Het onderzoek werd verricht onder circa 280 automobilisten, vrachtwagenchauffeurs en scooterrijders in zes Europese landen met als doel inzicht te krijgen in hoe weggebruikers zich gedragen. Twee jaar lang werd hun rijgedrag gemonitord door middel van camera’s die zowel binnen als buiten het voertuig bevestigd waren.
Vooral mobiel
De grootste afleider is de mobiele telefoon. Automobilisten waren maar liefst vier procent van hun rijtijd daarmee bezig. Onder vrachtautochauffeurs was dit bijna drie procent van de rijtijd. Daarnaast waren de bestuurders afgeleid door activiteiten als eten, drinken, scheren of het aanbrengen van make-up.

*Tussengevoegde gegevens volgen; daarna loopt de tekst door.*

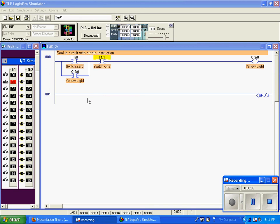Here I'm going to demonstrate a seal-in circuit using an output instruction. You'll notice that this output — our yellow light — and this contact has the same address as this output. You can consider this an auxiliary contact associated with this output instruction.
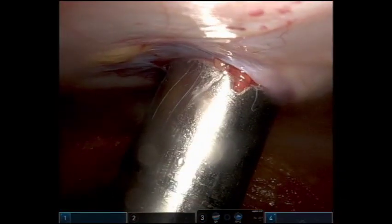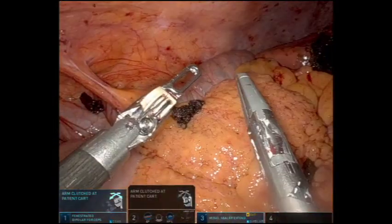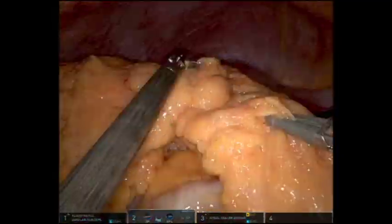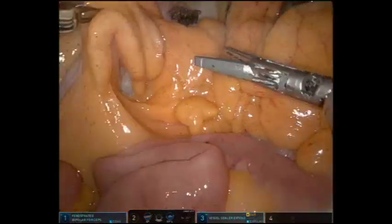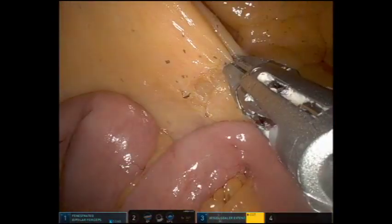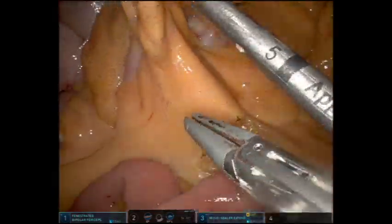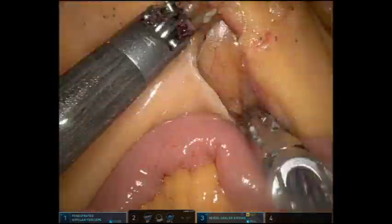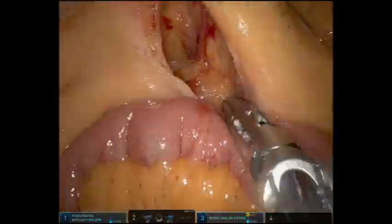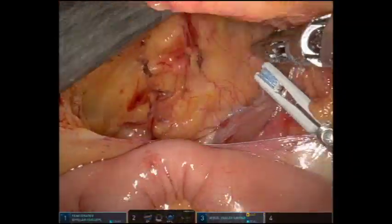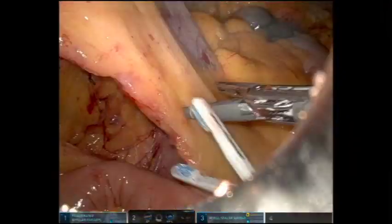A 12-millimeter port was placed into the left flank. The omentum was placed into the upper abdomen to bring the transverse colon into view and the ileocolic axis is placed on stretch. The peritoneum at the base of the ileocolic vessels is opened and a medial-to-lateral dissection is performed, bringing the duodenum into view. The duodenum is fully mobilized so that a high ligation can be performed.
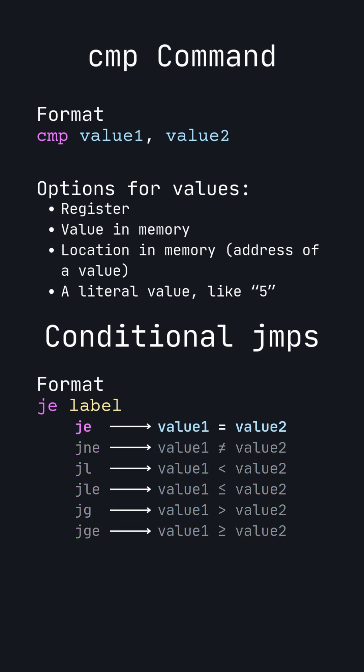JE jumps to the label if the two values compared are equal. JNE jumps if the values are not equal. JL jumps if the first value is less than the second. JLE jumps if the first value is less than or equal to the second. JG jumps if the first value is greater than the second. And JGE jumps if the first value is greater than or equal to the second.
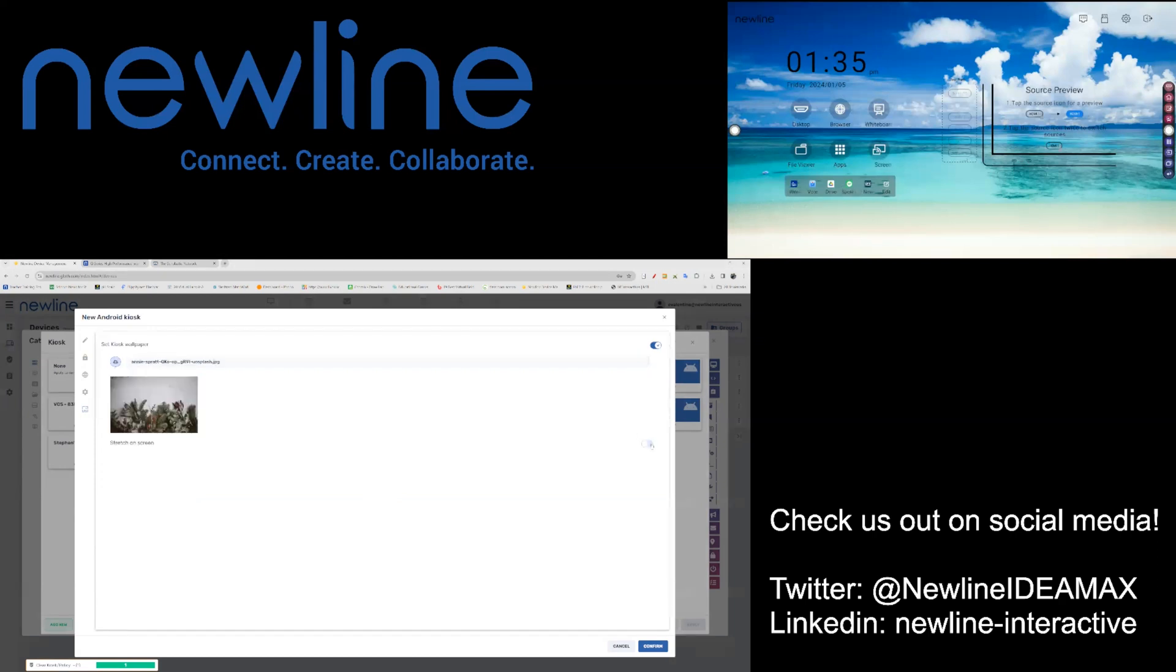You do have the option to stretch to fit the screen. Once you have selected all of your kiosk parameters, make sure that you hit Confirm on the bottom right.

Verder blijkt uit de resultaten dat de kans op afleiding toeneemt als het voertuig stilstaat of er erg langzaam gereden wordt.
Levensgevaarlijk
“Op het moment dat je op de weg rijdt is één op de twintig auto’s om je heen met de telefoon bezig”, waarschuwt SWOV onderzoeker Nicole van Nes. “De ogen zijn dus niet op de weg gericht en als je niet naar de weg kijkt kun je ook niet reageren als er iets onverwachts gebeurt. Daarmee is het een belangrijke oorzaak van ongevallen.”
Dode hoek
Ook blijkt uit het SWOV-onderzoek dat Nederlandse automobilisten slechts in 27 procent van de gevallen in hun dode hoek kijken bij het afslaan. Bij het verlaten van een rotonde is dat ongeveer 20 procent. Vrachtautochauffeurs doen het precies andersom. Bij het afslaan kijkt nagenoeg 20 procent in hun dode hoek om te zien of het veilig is. Bij het verlaten van een rotonde is dat 27 procent.
Verkeerspsycholoog Gerard Tertoolen legt uit aan de NOS dat dit niet meteen betekent dat Nederlandse weggebruikers te weinig in de dode hoek kijken. “Het is niet altijd onverantwoord om het niet te doen”, zegt hij. “Als je bijvoorbeeld richting een kruising rijdt, krijg je als bestuurder de hele weg al mee en ben je je al bewust of er iemand naast je rijdt. In zo’n geval zullen weinig mensen nog eens extra in de dode hoek kijken.”